Because there's magic at stake.
In my mid 20s, I took a year off to live the unemployed life. Throughout that year, at one point or another, most of the people in my life questioned what the fuck I was doing. Why was the girl with the most directed and structured life suddenly floating aimlessly?
It came from a good place, I recognize that, I think a lot of people felt that I was lost or maybe depressed. The opposite was true, I think I was actually finding myself for the first time and I wasn’t depressed, I was sad and that was ok because that’s what I needed to be. It wasn’t fun and it wasn’t easy. It was a long, arduous and extremely painful process, but I don’t think I have ever felt more connected.
Today, my life is full of direction; a great job and a growing creative project that’s all my own. This is a destination I’ve been driving myself towards with some urgency. I expected my arrival to be full of inspiration but as 2016 draws to a close, the words aren’t flowing. They aren’t flowing onto the page. They aren’t flowing into my own brain. They aren’t flowing out of my mouth. I can’t get past the taunting, blinking cursor. I can’t get clear on how I’m feeling or what I’m thinking and I can’t seem to express myself to the people around me.
How do I feel about that guy I went on a date with? Where do I see myself in five years? Would I rather go out or stay in? How do I feel about my writing? Do I still have feelings for him? Am I happy?
I can’t answer my own (deceptively simple) questions.
When I come home from a date, I drop my keys on my counter, I crawl into bed and I feel ambivalent and tired. When I sit down to write, I stare at a group of poorly worded and disjointed paragraphs, I shut my laptop, I crawl into bed and I feel ambivalent and tired. When I come home after a night out, I take off my make-up, I crawl into bed and I feel ambivalent and tired. When a man exits my life, I drop my phone on my table, I crawl into bed and I feel ambivalent and tired.
Maybe a lot of people would see this as stability or progress – being unshakeable is often seen as a sign of strength. To me, it’s a sign of disconnection. I consider myself to be a fairly emotional and sensitive person though, most of the time, I am extremely adept at hiding this from other people. It’s an asset and a liability depending on the context and the perspective.

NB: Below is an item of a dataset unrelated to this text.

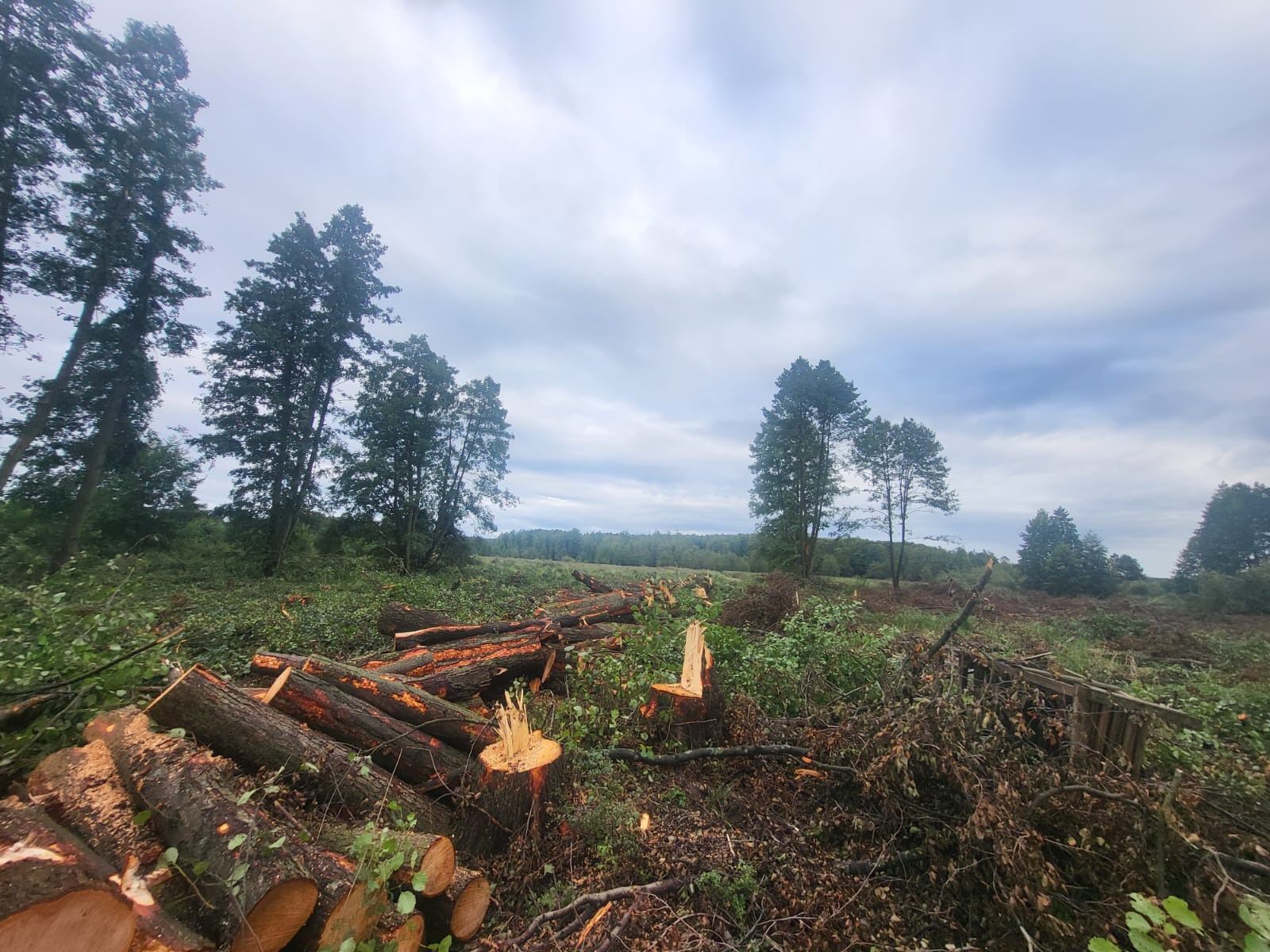 Teren po wycince drzew: pnie, gałęzie i ścięte drzewa na tle pochmurnego nieba. Widoczne pozostałości po usuniętych drzewach.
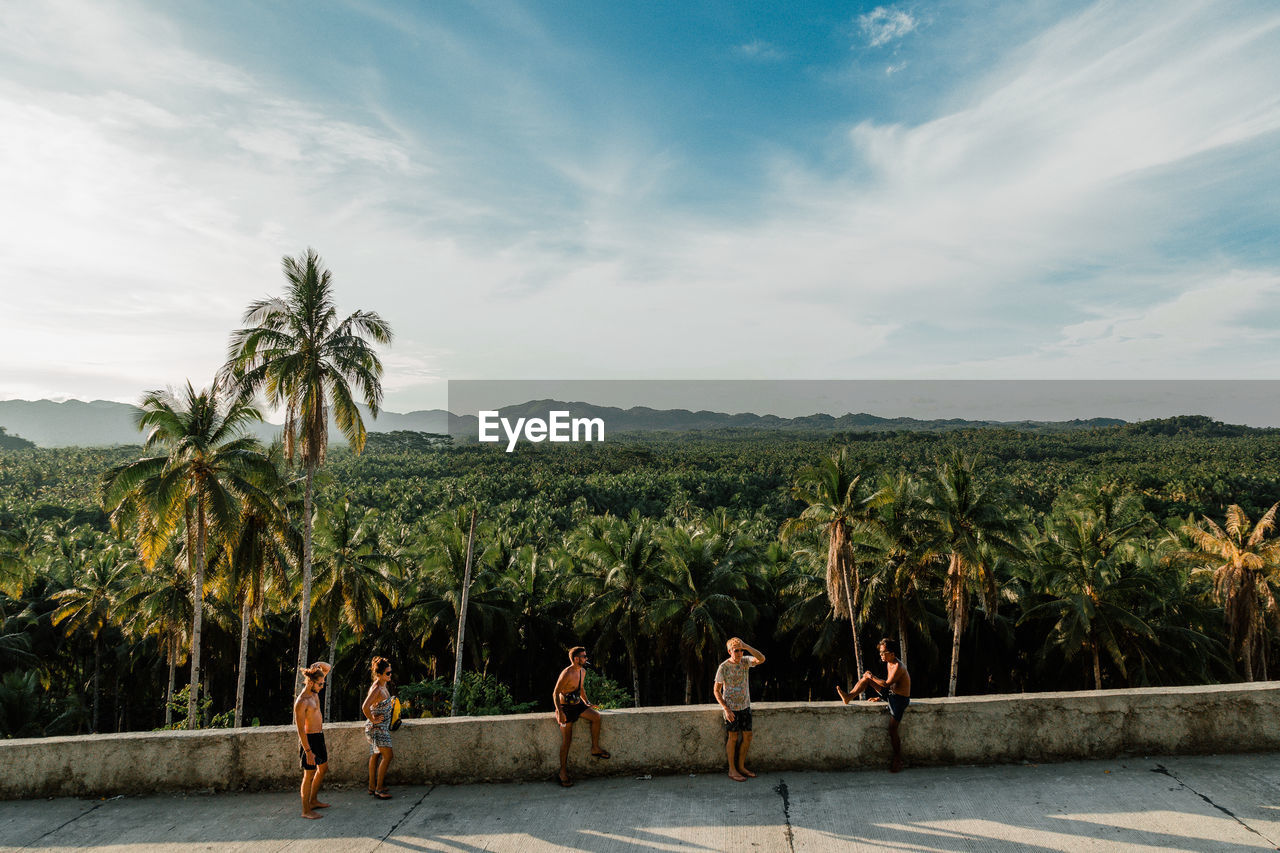 GROUP OF PEOPLE ON PALM TREES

I think I’ve become so good at hiding it, that sometimes I can even hide it from myself.
The truth is, often, it’s easier that way. You can’t break my heart if I never really let myself feel anything for you in the first place. I won’t be disappointed about not ever getting a manuscript published if I never write one. I won’t be upset when you find someone new if I never grasp the fact that I still miss you.
It’s safe behind those walls. But no real magic happens inside that fortress. And I kind of want the magic. I kind of want the big love. I kind of want the fulfilling career. I kind of want to live my life on my own terms. I kind of want the whole damn package.
So, what am I focusing on in 2017? Nothing.
I’m going to focus less and feel more. I’m going to figure out where my compass points and I’m going to follow that arrow with no questions asked.
I’m going to keep writing about whatever I want to write about so long as it’s honest.
I’m going to keep seeing that guy who doesn’t check off a single box but makes my heart sing.
If I feel like I want to go to that party, I’m going to go. If I don’t. I won’t.
If I want to kiss you or sleep with you. I will. If I don’t. I won’t.
If I want to go home, I’ll go home. If I want to stay out, I’ll stay out.
If I love you, I’ll tell you.
Because the things you’re drawn to – they’re everything. They’re your roadmap to happiness and the things you hate – they’re pushing you away from a life that’s not meant for you.
So get really clear in 2017 because there’s magic at stake.